(Data extracts)
======

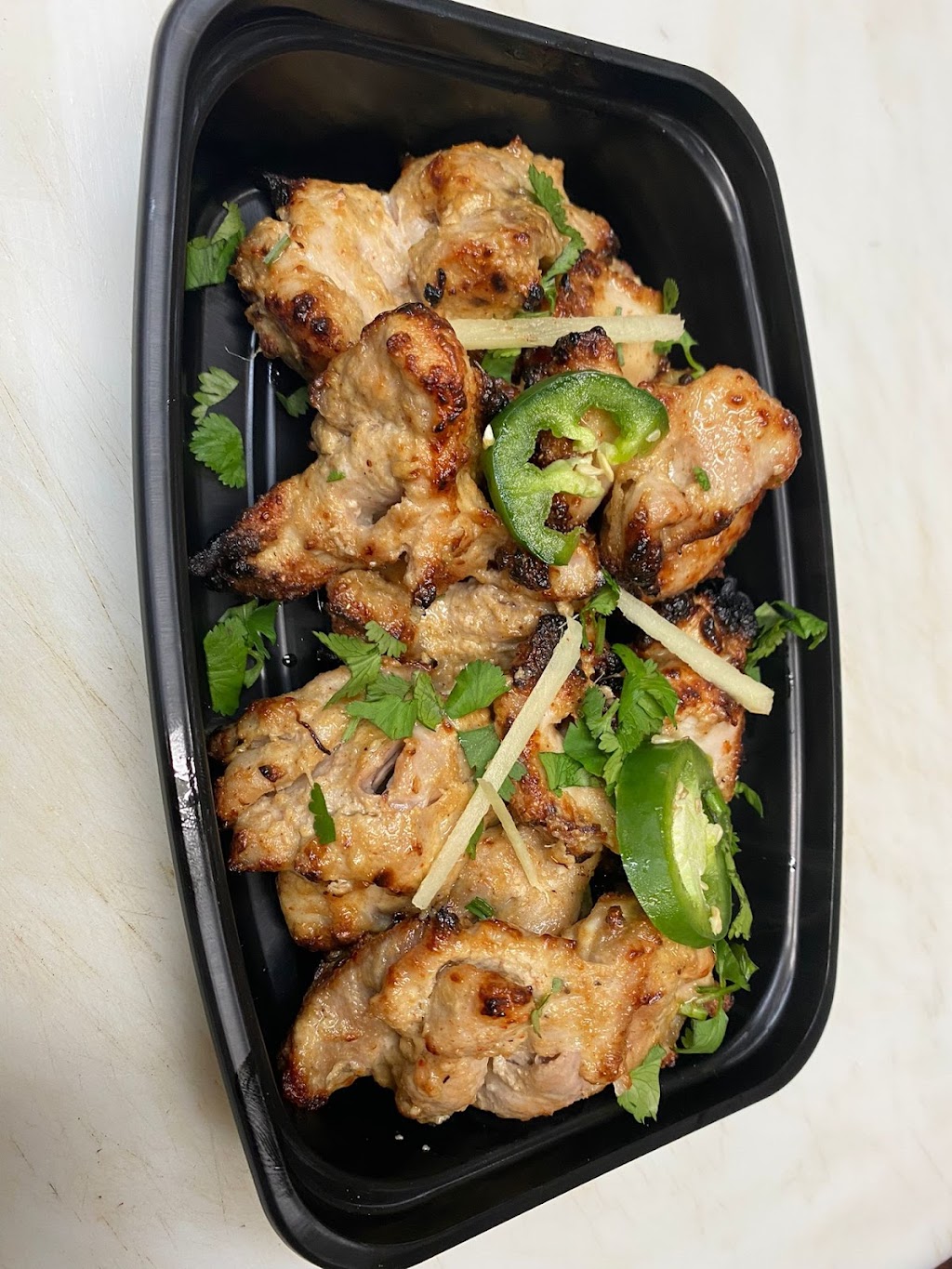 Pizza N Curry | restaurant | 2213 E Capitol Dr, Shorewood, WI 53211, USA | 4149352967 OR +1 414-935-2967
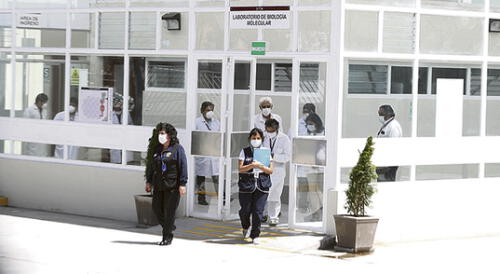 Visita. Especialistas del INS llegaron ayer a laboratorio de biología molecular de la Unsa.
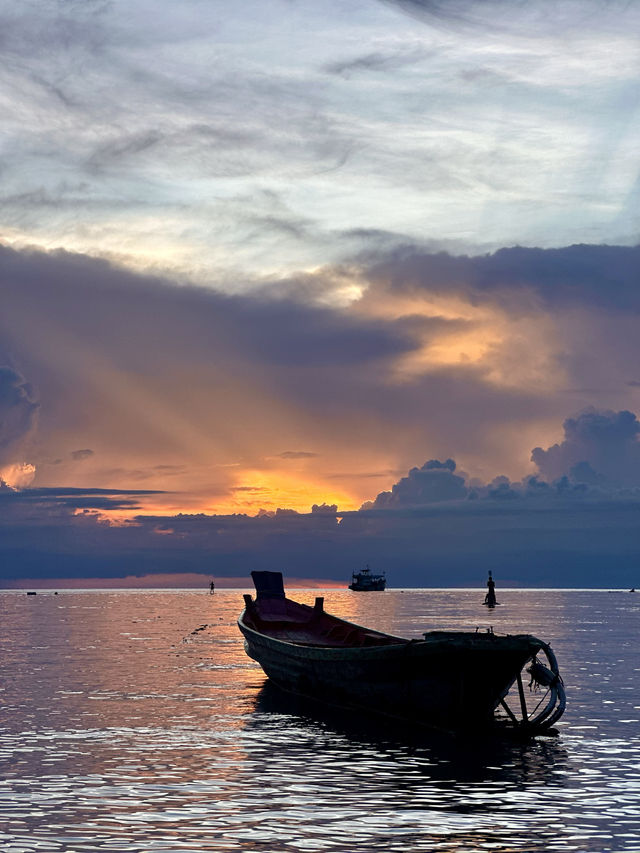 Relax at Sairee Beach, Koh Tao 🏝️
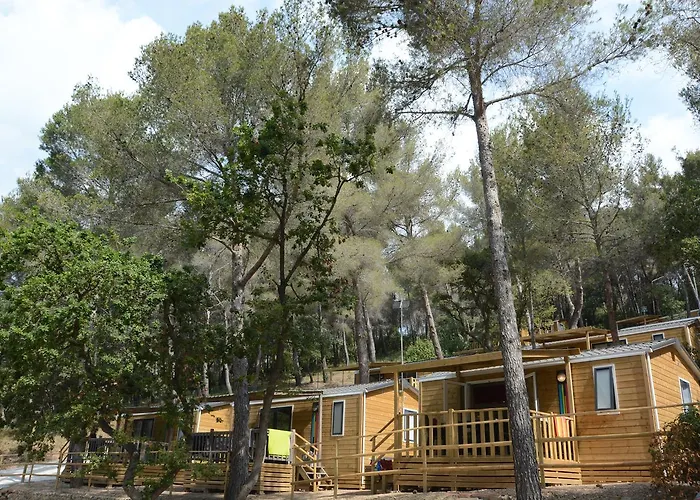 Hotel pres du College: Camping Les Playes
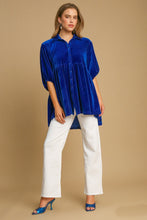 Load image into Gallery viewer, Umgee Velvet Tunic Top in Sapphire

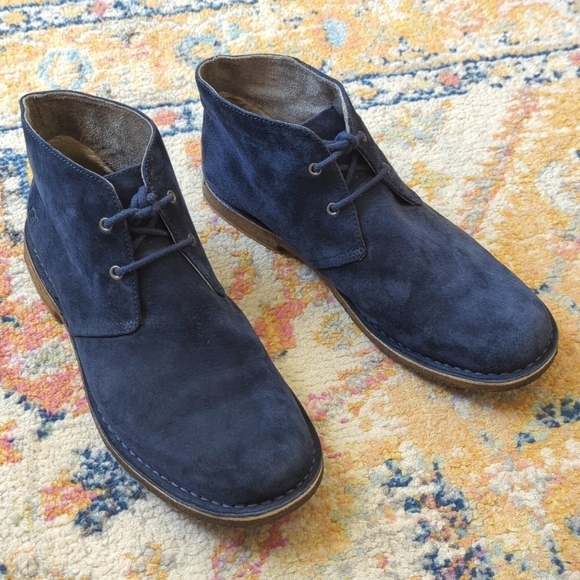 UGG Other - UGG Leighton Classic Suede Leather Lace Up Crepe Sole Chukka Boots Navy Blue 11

======

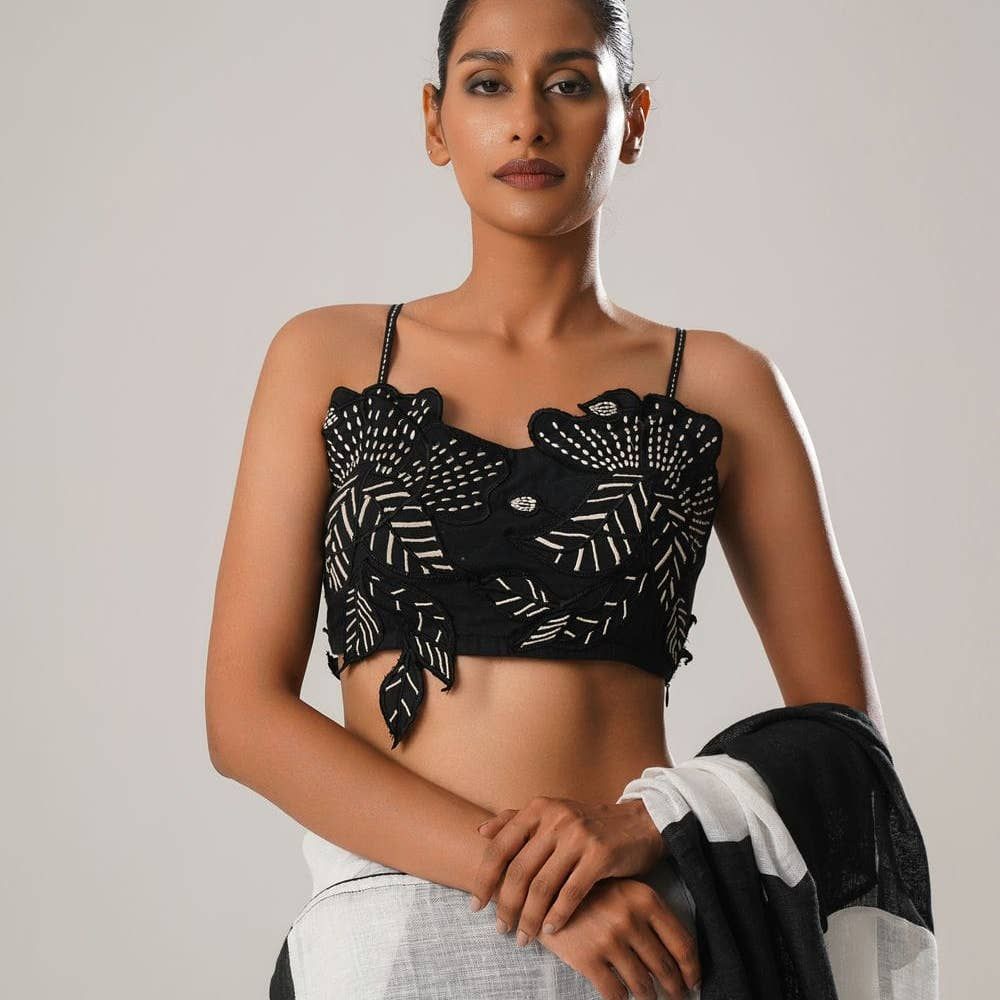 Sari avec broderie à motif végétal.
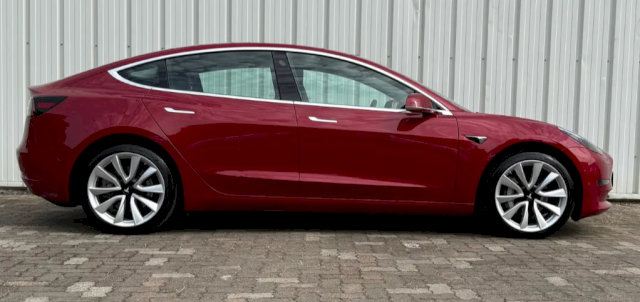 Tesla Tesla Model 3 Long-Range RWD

======

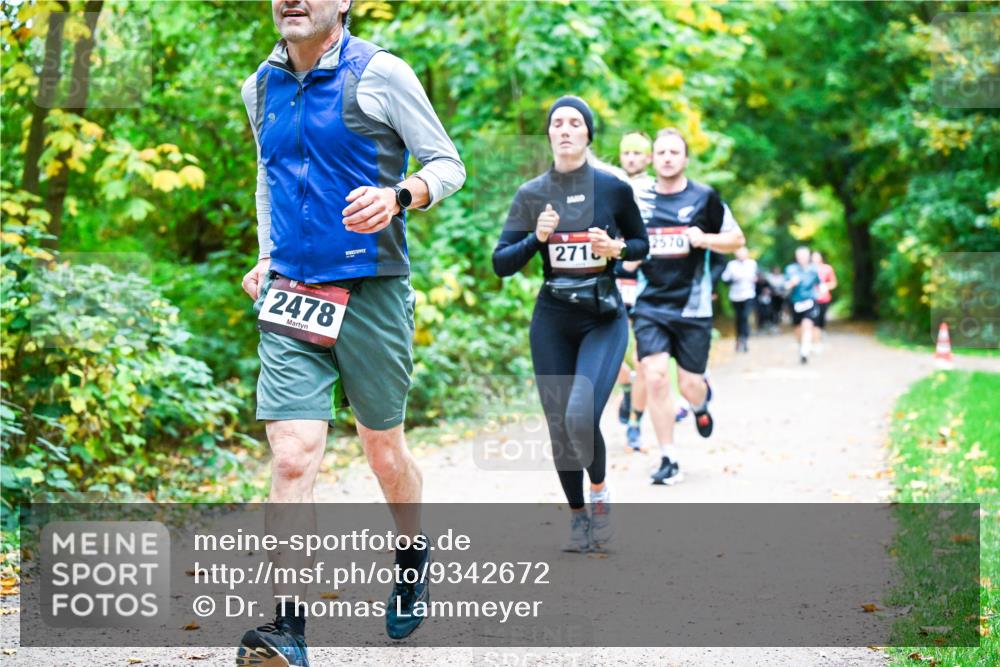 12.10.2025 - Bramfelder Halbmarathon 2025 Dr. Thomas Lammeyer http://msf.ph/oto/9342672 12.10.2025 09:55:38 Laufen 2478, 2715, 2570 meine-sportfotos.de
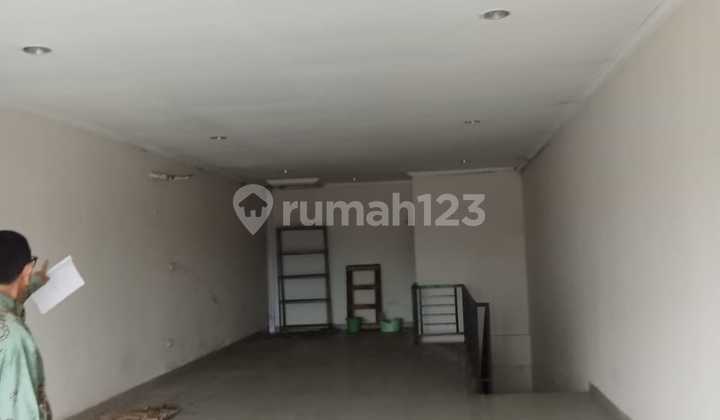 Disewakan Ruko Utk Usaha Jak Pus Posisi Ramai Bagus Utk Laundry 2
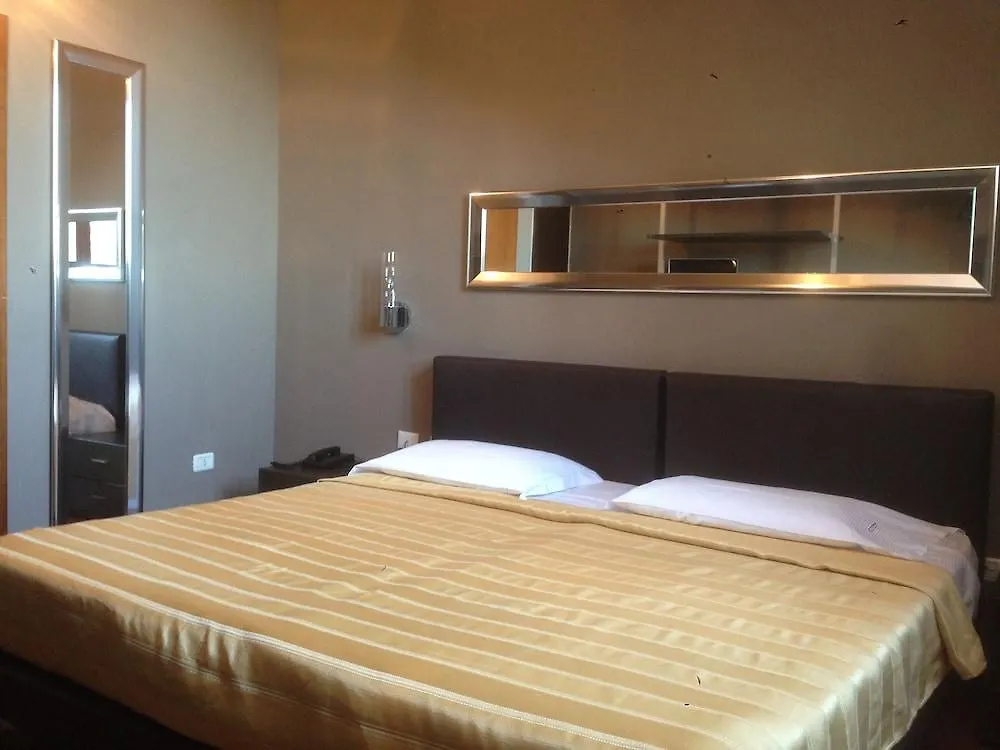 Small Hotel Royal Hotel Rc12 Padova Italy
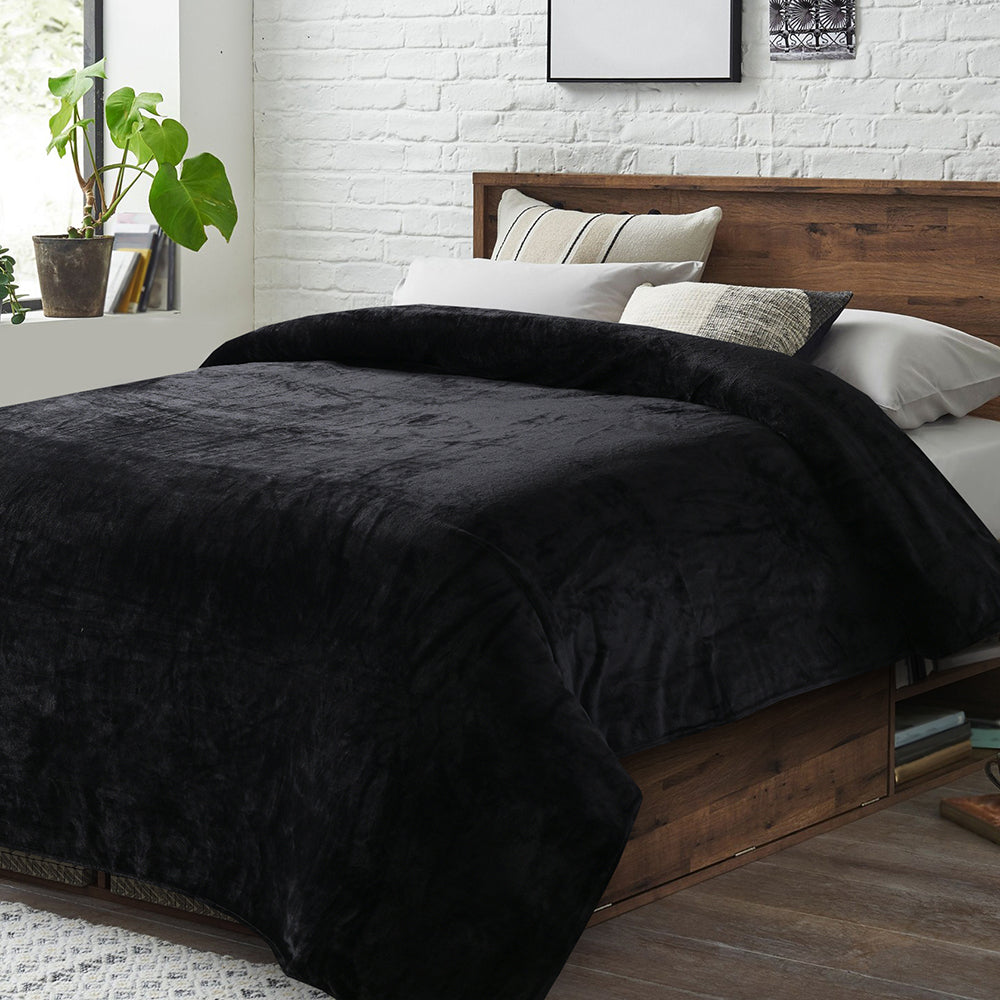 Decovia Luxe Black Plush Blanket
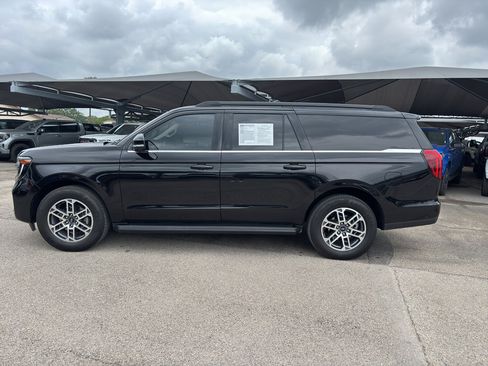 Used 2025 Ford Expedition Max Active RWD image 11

======

(Exercise) The copy should hold only the lines from the one with "Small Hotel Royal Hotel Rc12 Padova Italy" through the one with "Used 2025 Ford", exactly as they stand above. Leave out the pictures.

(Answer to the exercise)
 Small Hotel Royal Hotel Rc12 Padova Italy
 Decovia Luxe Black Plush Blanket
 Used 2025 Ford Expedition Max Active RWD image 11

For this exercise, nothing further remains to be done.